DeepSeek, a Chinese artificial intelligence (AI) lab by High-Flyer startup, has kicked off its “Open Source Week” by releasing FlashMLA, a decoding kernel designed for Hopper GPUs. It is optimised for processing variable-length sequences and is now in production.
The kernel supports BF16 and features a paged KV cache with a block size of 64. On the H800 GPU, it achieves speeds of 3000 GB/s in memory-bound configurations and 580 TFLOPS in compute-bound configurations.
DeepSeek says FlashMLA is inspired by projects like FlashAttention 2&3 and Cutlass. The kernel is available on GitHub for exploration and use.
“Honored to share FlashMLA – our efficient MLA decoding kernel for Hopper GPUs, optimised for variable-length sequences and now in production,” the company said in a post on X.
The release of FlashMLA is expected to improve computational efficiency, particularly in applications involving AI and potentially impacting sectors like cryptocurrency trading algorithms. FlashMLA, available on GitHub, offers high performance with speeds of up to 3000 GB/s for memory tasks and 580 TFLOPS for computing.

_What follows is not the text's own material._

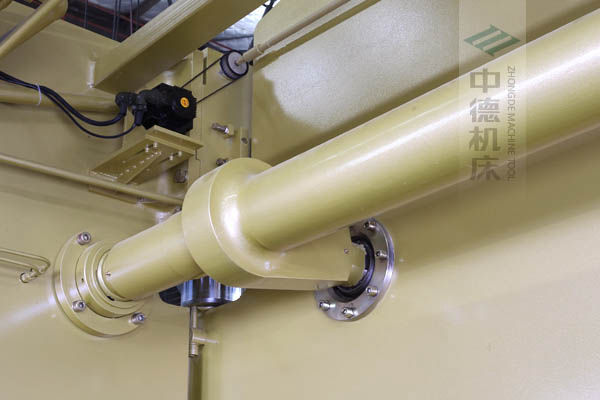 ZDP-20050高精度扭轴同步装置,采用知名品牌关节轴承,经久耐用.jpg ZDP-20050高精度扭轴同步装置,采用知名品牌关节轴承,经久耐用.jpg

DeepSeek recently announced it is launching five open-source repositories starting this week. “We’re a tiny team (at) DeepSeek exploring AGI (Artificial General Intelligence). Starting next week, we’ll be open-sourcing five repos, sharing our small but sincere progress with full transparency,” it said on X.
Currently, it has a collection of 14 open-source models and repositories on Hugging Face.
Recently, it released its DeepSeek-R1 and DeepSeek-V3 models. These AI models offer state-of-the-art performance while being trained and deployed at a fraction of the cost of their competitors.